May 5th - Cinco de Mayo yakima car show (waiting for date to be confirmed) Yakima wa

May 18th - 1ST annual Perry tech custom car and motorcycle show. Hosted by Lowcos. Yakima wa 
May 19th - Bellingham western washington annual car show "ridn low in the 360" Bellingham wa
May 25th Lay’d out in the Northwest 21607 Mountain Hwy E Spanaway, WA 98948
May 27th SEWARD PARK, Seattle 206 
June 8th - Neon Light Show, Lowcos Yakima (not sure on location)
June 16th - Seattle Center Show, Seattle
July 20th - Legends Casino show hosted by Lowcos Yakima in Toppenish
August 10th - Lowrider Style CC Show n Shine/bbq Tacoma
August 10th - Showtime CC Prefunk Cruise night
August 11th- 5th Annual Northwest Premier Showtime Car show, Sandpoint Naval Base (details to follow)
August 17th – Lowmotion CC Car Show B&I Tacoma, Wa.
Sept. 14th – YV Techs Second Annual Custom Car show and neon show hosted by Lowcos, Yakima, Wa.
Sept. 21st- Annual Fullbright Park show and shine hosted by Lowcos Yakima


----------



## GPKIDD85 (Mar 11, 2009)

TTT


----------



## SUAVE TV (Mar 15, 2013)

http://www.youtube.com/watch?v=0hSIP2cPtPs&list=PLlr0rVqgEjTDxwqyg6lihtzcfuF25JZCD


I AM VIDEO PRODUCER ABE CORTEZ "SUAVE TV" Call at (253) 389 - 2234 I would like to talk biz and video tape your show.


----------



## LadyShowtime (Sep 25, 2004)

*2013 Northwest Show Dates (Updated 3/5/13)*
March 23[SUP]rd[/SUP] - Sunnyside high school 9th annual show &shine 
March 31[SUP]st[/SUP] - 3rd annual changing pointe eggnormous event hosted by lowcos yakima 

May 5[SUP]th[/SUP] - Cinco de Mayo yakima car show (waiting for date to be confirmed) Yakima wa

May 18[SUP]th[/SUP] - 1ST annual Perry tech custom car and motorcycle show.

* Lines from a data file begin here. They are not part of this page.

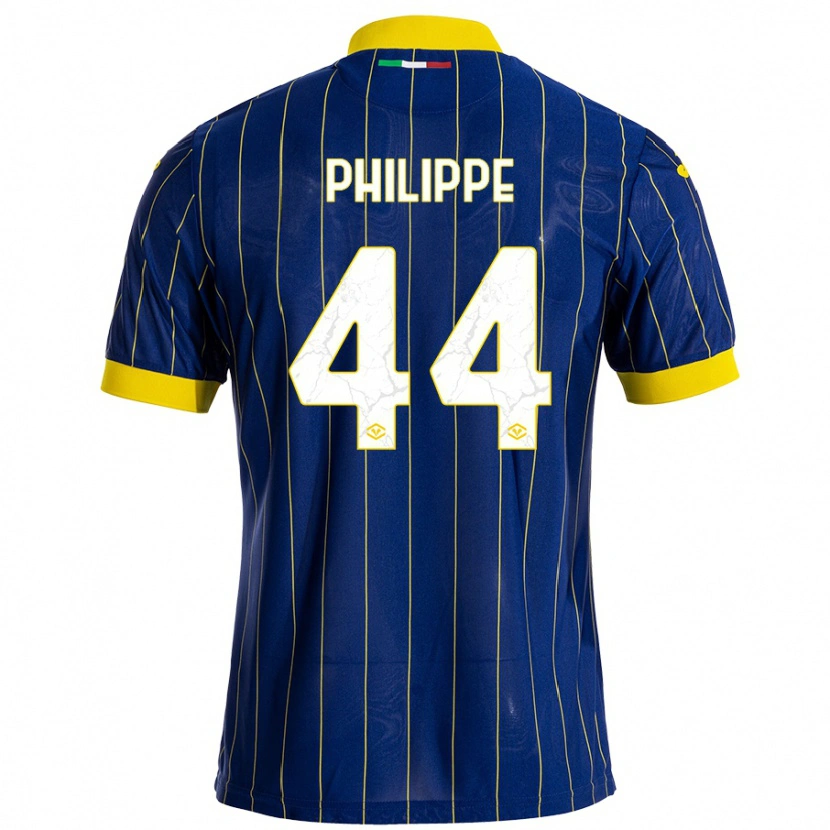 DanxenレディースMathis Philippe#44青 黄ホームシャツ2024/25ジャージーユニフォーム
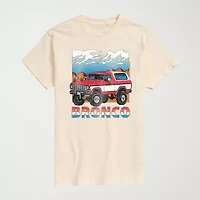 Novelty Mens Crew Neck Short Sleeve Regular Fit Big and Tall Graphic T-Shirt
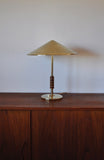 Elegant danish brass table lamp from Lyfa designed by Bent Karlby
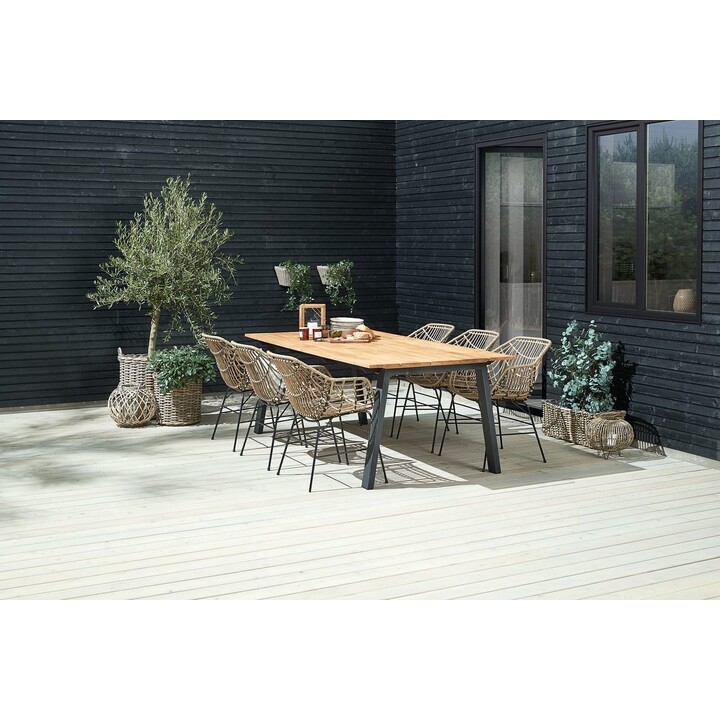 Jysk ILDERHUSE Sedia, naturale (2 pezzi)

Hosted by Lowcos. Yakima wa 
May 19[SUP]th[/SUP] - Bellingham western washington annual car show "ridn low in the 360" Bellingham wa
May 25[SUP]th[/SUP] Lay’d out in the Northwest 21607 Mountain Hwy E Spanaway, Wa. 98948
May 27[SUP]th[/SUP] Seward Park, Seattle
June 8[SUP]th[/SUP] - Neon Light Show, Lowcos Yakima 
June 16[SUP]th[/SUP] - Seattle Center Show, Seattle
June 29[SUP]th[/SUP] – Greenwood Car Show, Seattle
July 7[SUP]th[/SUP] – Return to Renton car show, Renton, Wa.
July 20[SUP]th[/SUP] - Legends Casino show hosted by Lowcos Yakima in Toppenish
July 27[SUP]th[/SUP]- Seattle CC Show and Shine, Griots garage Tacoma, Wa
August 10[SUP]th[/SUP] - Lowrider Style CC Show n Shine/bbq Tacoma
August 10[SUP]th[/SUP] - Showtime CC Prefunk Cruise night
August 11[SUP]th[/SUP]- 5[SUP]th[/SUP] Annual Northwest Premier Showtime Car show, Sandpoint Naval Base (details to follow)
August 17[SUP]th[/SUP] – Lowmotion CC Car Show B&I Tacoma, Wa.
August 24[SUP]th[/SUP] - Seattle CC Show and Shine, Griots garage Tacoma, Wa
Sept. 14[SUP]th[/SUP] – YV Techs Second Annual Custom Car show and neon show hosted by Lowcos, Yakima, Wa.
Sept. 21[SUP]st[/SUP]- Annual Fullbright Park show and shine hosted by Lowcos Yakima​


----------



## SUAVE TV (Mar 15, 2013)

http://www.youtube.com/watch?v=0hSIP...ihtzcfuF25JZCD




I AM VIDEO PRODUCER ABE CORTEZ "SUAVE TV" Call at (253) 389 - 2234 I would like to talk biz and video tape your show.​


----------



## GPKIDD85 (Mar 11, 2009)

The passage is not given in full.